> **Description of the task**:
Every line of the data below must be output exactly, with images left out.

Short descriptive text snippets
Start of Block
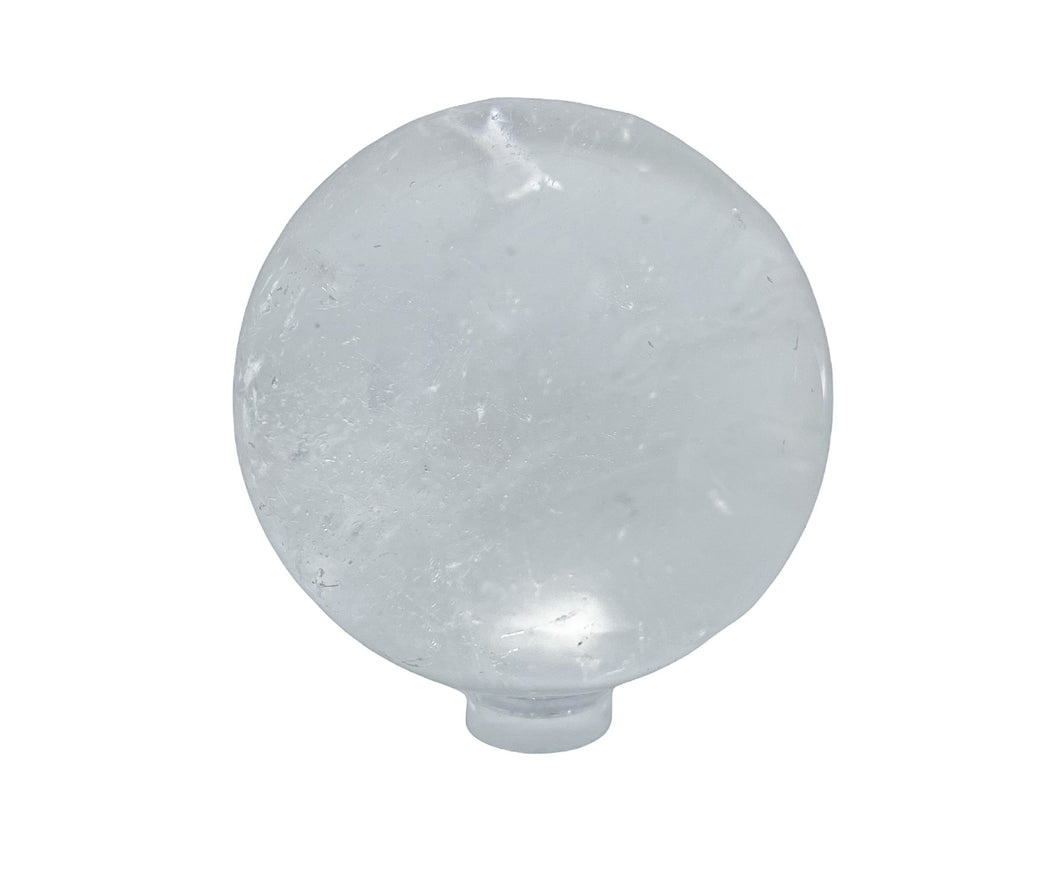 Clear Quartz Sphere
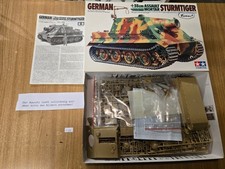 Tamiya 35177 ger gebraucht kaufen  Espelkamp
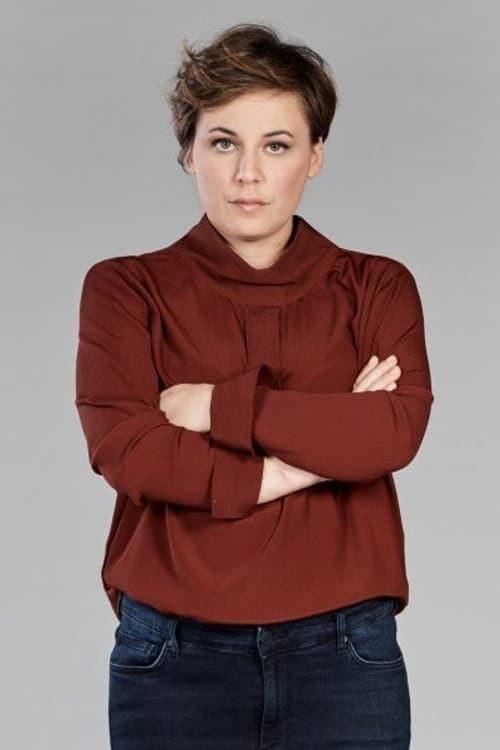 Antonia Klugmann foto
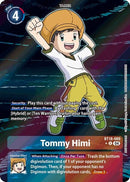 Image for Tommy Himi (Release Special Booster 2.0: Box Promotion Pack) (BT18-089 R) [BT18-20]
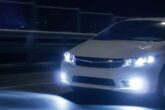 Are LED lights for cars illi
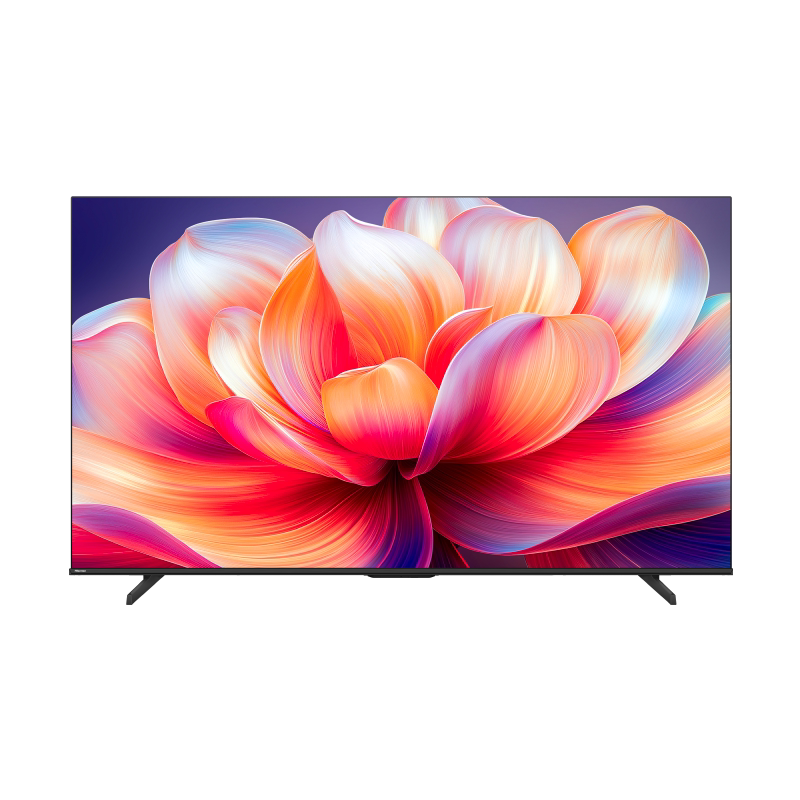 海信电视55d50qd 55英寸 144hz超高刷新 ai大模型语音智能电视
End of Block
> **Answer box**:
 Clear Quartz Sphere
 Tamiya 35177 ger gebraucht kaufen  Espelkamp
 Antonia Klugmann foto
 Image for Tommy Himi (Release Special Booster 2.0: Box Promotion Pack) (BT18-089 R) [BT18-20]
 Are LED lights for cars illi
 海信电视55d50qd 55英寸 144hz超高刷新 ai大模型语音智能电视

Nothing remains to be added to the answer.